Technical Abstract: Field-specific management could help achieve agricultural sustainability by increasing production and decreasing environmental impacts. Near-infrared spectroscopy (NIRS) and geostatistics are relatively unexplored tools that could reduce time, labor, and costs of soil analysis. Our objective was to efficiently determine lateral and vertical distributions of soil texture and soil organic carbon (SOC) fractions in an emerging agroforestry system experiment (7-ha field) on a Coastal Plain site in North Carolina. To predict soil properties from a large number of samples collected from this field, NIRS was calibrated against laboratory-determined properties. Support vector machine was a multivariate model that performed better than partial least squares to obtain greater precision with NIRS for all soil properties.
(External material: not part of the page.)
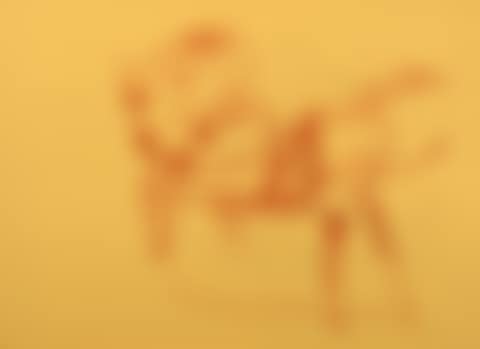 Untitled (Hirsch und Sonne) , from "Spur I" (preview)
To predict soil properties with precision across the field, geostatistical modeling with maximum likelihood and ordinary kriging was used. Combining the two modeling processes, root mean square error (RMSE) and RMSE relative to data set mean (% RMSE) was 67 g kg-1 for sand (9.3% RMSE), 34 g kg-1 for clay (22.7% RMSE), 1.63 g kg-1 for total organic C (26.7% RMSE), 0.67 g kg-1 for particulate organic C (36.1% RMSE), and 24 mg CO2-C kg-1 3 d-1 for the flush of CO2 (29% RMSE). We conclude that the combination of NIRS and geostatistics produced acceptable errors, and therefore, could be used to predict spatial distribution of soil texture and SOC fractions in this agroforestry system to allow efficient assessment of management changes with time and better predict small-scale input requirements.